England will learn from World Cup final defeat but it will take time to recover - Matt Dawson column
England's World Cup final defeat against South Africa was desperately disappointing.
The way England have played at this World Cup and the depth of players they have as a group, this was absolutely the right squad to challenge for the trophy.
England fans will all be feeling totally dejected but nowhere near as upset as the players and management will be.
They were so far off winning that game. There is a weird part of me that, even though I feel totally dejected, does not feel quite as bad as if South Africa had nicked it at the death with a last-minute penalty or drop-goal. England just simply were not good enough.
I never felt for one minute that England were in a position to score points then run away with it. It was going to be a battle to the death and unfortunately the Springboks seemed to be more capable of winning a World Cup final.
England have learned a big lesson. Those players are going to remember that for the rest of their lives and hopefully store it up to say they are never going to feel like that again, never going to make those mistakes under that sort of pressure again and they will come back as better players.
'England needed to change it up'
England head coach Eddie Jones has had a blinding tournament and, tactically, has been great throughout.
But on this occasion South Africa coach Rassie Erasmus was awesome. Wherever England attacked, the Springboks had defence.
They were very disciplined. They were tactically spot on. They played in the right areas. They had the balance of their kicking game opposed to when it was on to run - they chose the right time and made good decisions.
We have been praising Jones and waxing lyrical about how perfect England's build-up and preparation has been.
But ironically they lost because they looked like they did not have the ability to adapt on the field when South Africa were not playing the way that England expected.
It is very difficult to change on the field, but it has been a fairly common trait of England sides over the past 10 years of not being able to adapt under that type of pressure.

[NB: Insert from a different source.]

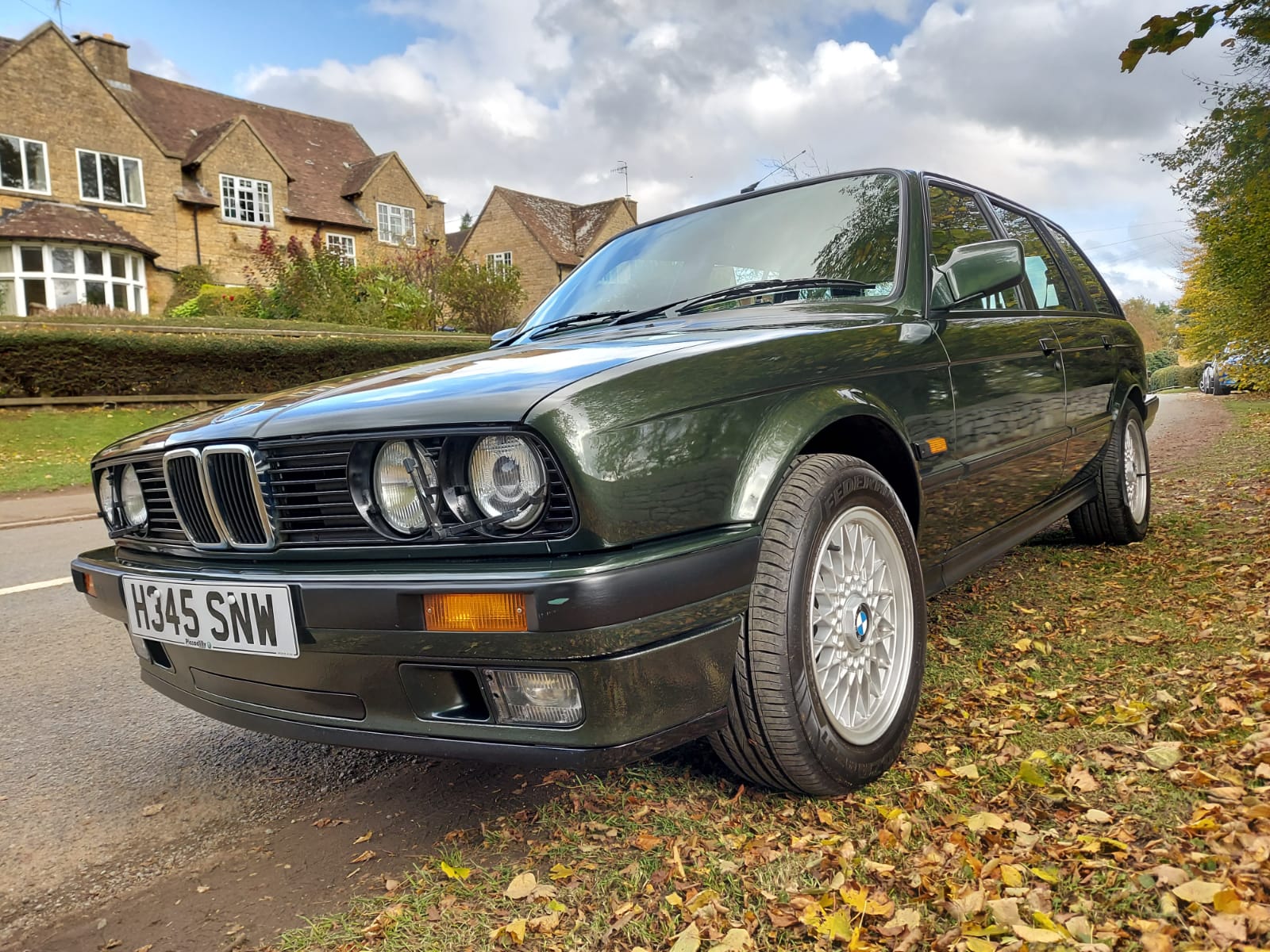 1990 BMW E30 320i Touring - Image 2 of 12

South Africa were fantastic in the set-piece, scrums and line-outs, and the breakdown. Faf de Klerk was running the show from scrum-half.
England very early on were chasing shadows rather than having a broader view that South Africa were playing in a different way so they needed to change it up.
Unfortunately they tried to play the same way against a team that were just lapping up the contact.
The senior England players should have stood up and realised what they were doing what was not working.
There were some key individuals who needed to stand up in a leadership role under that extreme pressure. In those environments, it really stands out what a difference it makes to have a captain in the forward pack.
Owen Farrell has been a great leader for England but it needed a vice-captain to step in up front, like Kieran Read or Sam Warburton would have done.
'The Springboks will be heralded as heroes'
There are millions of dejected England fans all over the world. Ordinarily, there would be no reason to reflect positively on that type of result.
But, looking at the larger picture that South Africa winning that game paints, I do not think any other final has a bigger political story to tell than this one.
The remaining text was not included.